Owrite a UK newspaper as a heatwave looms and you’re likely to see headlines about the unprecedented nature of the heat to come, the cost to lives and livelihoods, and even deaths caused by extreme heat . But accompanying the same story, you’ll likely also see images of people having fun in the sun – children splashing in city fountains, crowded beaches, blue seas, azure skies, and holiday bliss.
The way the media communicates about climate degradation reflects and shapes the way societies approach the problem. Behind every image that makes headlines is a person reflecting and perpetuating the way society thinks about climate breakdown. Images are a key part of any media communication: they are often vivid and colorful, drawing readers in and helping them remember a story.
They also shape news production: engaging visuals help stories get onto the media agenda. Think of the image of the man blocking a line of tanks in Beijing’s Tiananmen Square, a young girl fleeing her village after being burned by napalm during the Vietnam War, smoke billowing from the Twin Towers. These images are part of our collective psyche – through them we remember the power of protest, the horror of war and times when everything changed. Images of the climate crisis can hold the same power, which the Guardian acknowledged in its industry-leading 2019 editorial decision to rethink the images accompanying climate stories.
Our new research, led by the University of Exeter, highlights a distinct problem with how European media visually represent extreme heat news. We looked at media coverage from the UK, the Netherlands, France and Germany during the summer of 2019. It is important to note that we have only included stories that mentioned at the both the keywords “heatwave” and “climate change”, believing that if we were to see responsible and accurate reporting of heatwave risks, it would be in coverage that at least hinted at the growing risk of heat waves becoming longer, more frequent and more intense in the event of degradation of the climate.
We found two distinct themes in visual coverage. The former used images of “fun in the sun” that portrayed heat waves as pleasant. In all four countries, the majority of these images showed people having a good time in or near water. This was particularly significant in the UK, perhaps revealing something about how British culture recounts the experience of very hot weather in our historically mild climate.

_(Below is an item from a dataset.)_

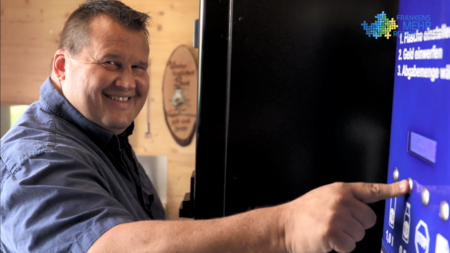 Mann lächelt und bedient blauen Automaten mit deutscher Anleitung: „Produkte auswählen“, „Geld einwerfen“, „Ausgabemenge wählen“ – Szene zeigt Interaktion mit Verkaufs- oder Ticketgerät vor Holzfassade.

The second theme we found was “the idea of heat”, represented by the colors red and orange, which are (in Western cultures) commonly associated with heat or danger. People were largely absent from this visual discourse in photos such as generic photographs of thermometers against a blinding sun. When people were photographed, they were depersonalized by cutting them out against the sun so their faces were not visible.
In all four countries, there was a discrepancy between the text of the articles and the visuals that accompanied them. While headlines and image captions proclaimed news of unprecedented heat, vulnerable people and even deaths, the photos featured were those “fun in the sun” holiday snaps.
This is problematic in two respects. First, by shifting vulnerability concerns, it marginalizes the experiences of those vulnerable to heat waves: the elderly, young children and babies, people with pre-existing health conditions, and people living in poor quality housing. are all more exposed to extreme heat. .
Secondly, there is a difference between Northern Europeans who look forward to a “normal” spell of sunny, calm summer weather (I know – I wish after a long and often rainy Devon winter) and items that may , to a greater or lesser extent, seem to welcome the prospect of a much warmer, climate-changed future. Whether episodes of extreme heat are visualized through photos of people on beaches or exclude people altogether, we are missing an opportunity to imagine a more resilient future.
The news media may, however, imagine the visuals of the heat wave differently. Dutch outlet Algemeen Dagblad produced visual stories of the reality of life with extreme heat. When they imagined a young family, they weren’t queuing for ice cream on a sunny day, but at home in front of a fan, looking visibly uncomfortable.
Other images depict the solutions many have been calling for, in footage of an air-conditioned community space open to older local residents to help them cope with the heat; and in a grey, concrete thoroughfare in the city that has been given new life through an urban greening project, reducing the urban heat island effect.
Recent heat wave coverage of the Indian subcontinent has shown compelling visual depictions of daily life during a heat wave: struggling outdoor workers, warping roads, people seeking shade and of water. All of these images show that “having fun in the sun” is not an inevitable way of depicting sweltering heat.
We want to be clear that this is not a call for the media to redact all images of people enjoying the beach on a hot day, but an overabundance of these types of images (especially attached to a report on the risk of a heat wave) tells only a limited part of the story.
Not everyone has fun during super-powered heat waves from climate breakdown – for the vulnerable, they can be deadly. Fortunately, there are signs of progress as publishers, journalists, stock and editorial photography providers, and society at large begin to think critically about the images used to visually represent extreme heat. News media and social scientists can work together to tell the full story of extreme weather events.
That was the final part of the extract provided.